If it’s easy, it’s not Him, or our best. The irony is that people use this Holy Book to point to a vision, purpose or aspirational goal for our lives, when actually, embedded in every story recorded, is that the premium value is placed on the process. What the difficulty reveals or produces IS the objective.

I reference this because marriage is designed to be the ultimate sanctifying process.

SURRENDER

The journey that’s led us to this wedding day, has been one of practicing surrendering. In my previous marriage and relationship I did not. I regret that.

The opportunity to maintain our voice, while being selfless, is a tricky maze of humility. It’s a useful discipline for all of our relationships and life scenarios. Surrender feels like a relinquishing of autonomy, when really it is position of strength when endowed with thick trust.
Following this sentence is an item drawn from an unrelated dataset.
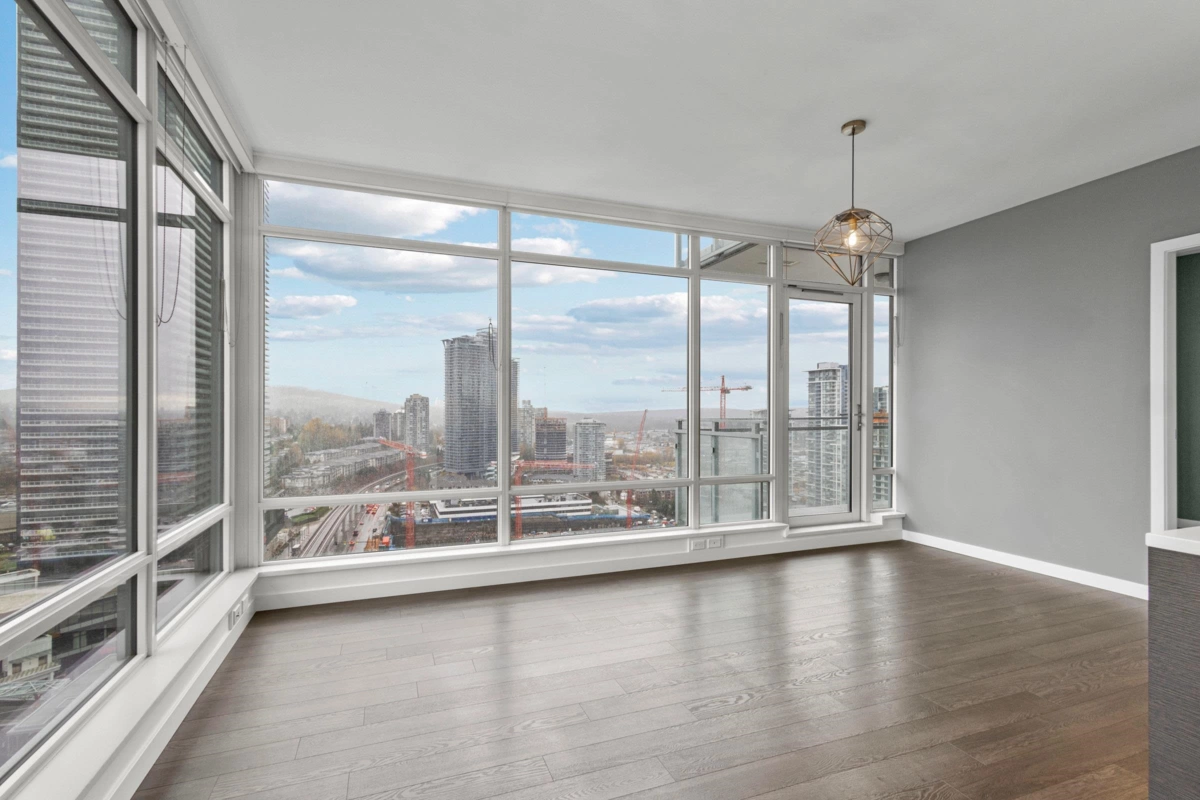 Kitchen Photo of 1806 4485 Skyline Drive, Burnaby, BC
Our society and ego values control, acquiring and consumption. Our souls however, require letting go. Therein lies the rub within us and our relationships. We resist what’s best for us while attempting to achieve it by any other means. :/

Instigating Ideas…

1. Watch the original Willy Wonka.

2. Consider where you might attempt greater selflessness.

3. Encourage someone who is going through a difficult experience.

Hard tends to hurt. That’s why when we’re in the midst of pain do we rarely want to prolong it. Yet shortcutting the process only produces greater agony with worse consequences. I suspect like me, you’ve proven that one a few times.

GO THROUGH

The Guthrie house saga has concluded (mostly). I closed on it and lost almost as much money as I had originally planned on spending. I spent close to 3x my initial commitment. It completely defeated and deflated me. Mostly because it was self-inflicted by my own ignorance and poor choices.

I was devastated and weirdly felt lifeless which is a strange sensation. I had to consciously choose to keep going. That’s how Charlie gets the key. We can’t let the Oompa Loompas distract us or camp out in the valley of the shadow.

I hope this week you go through the hard. Don’t stop to complain. Lean into the hard conversation or situation. Then continue on, so the gift from the process appears sooner.